## Task objective
Could you print the listing again exactly, omitting the pictures?

## Data block
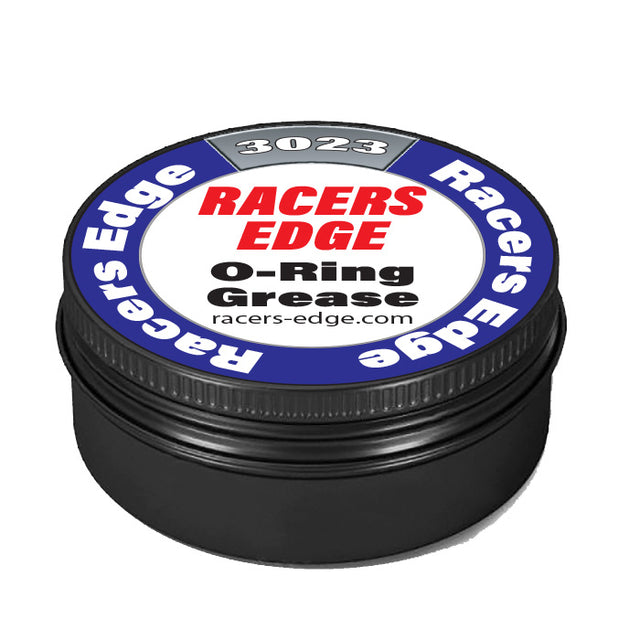 Racers Edge O-Ring Grease in 8ml container, designed for RC car maintenance and lubrication of O-rings.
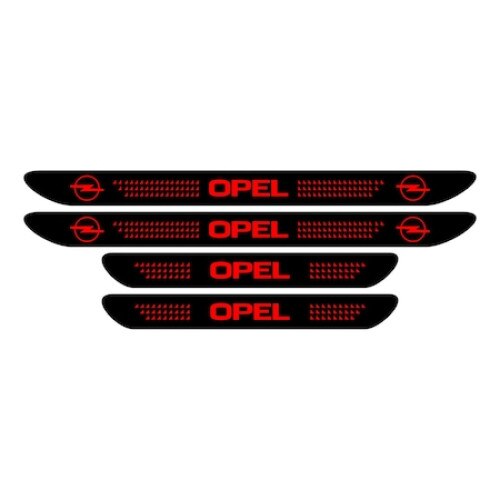 Set stickere praguri, negre, Opel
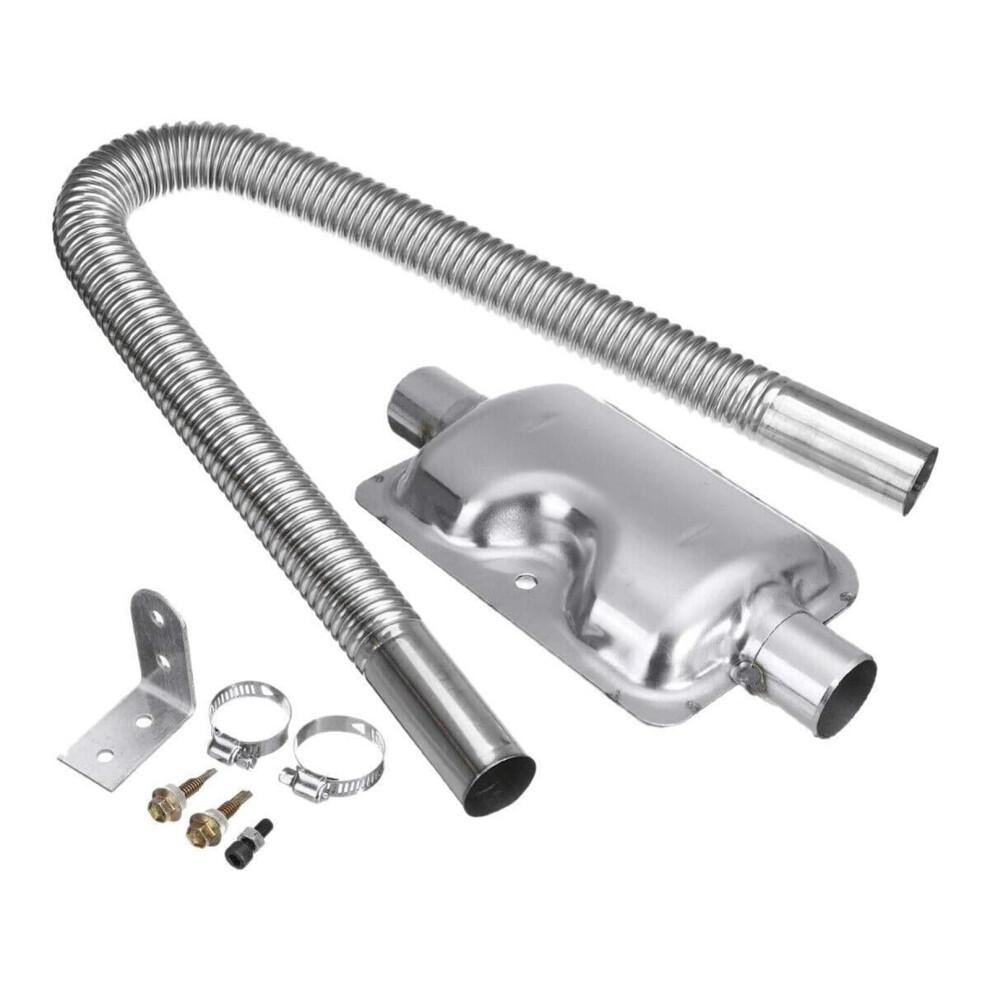 Exhaust Pipe For Diesel Heater Stainless Steel With Muffler 60Cm Rustresistant For Parking Heater 9070919568503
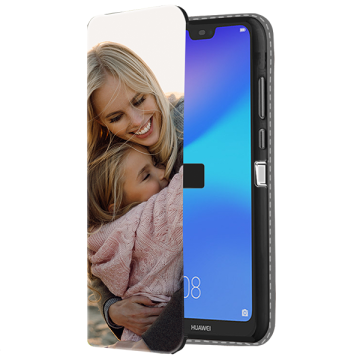 Huawei P20 Lite - Göra eget Plånboksfodral (Framsidestryck)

## Answer for the task
 Racers Edge O-Ring Grease in 8ml container, designed for RC car maintenance and lubrication of O-rings.
 Set stickere praguri, negre, Opel
 Exhaust Pipe For Diesel Heater Stainless Steel With Muffler 60Cm Rustresistant For Parking Heater 9070919568503
 Huawei P20 Lite - Göra eget Plånboksfodral (Framsidestryck)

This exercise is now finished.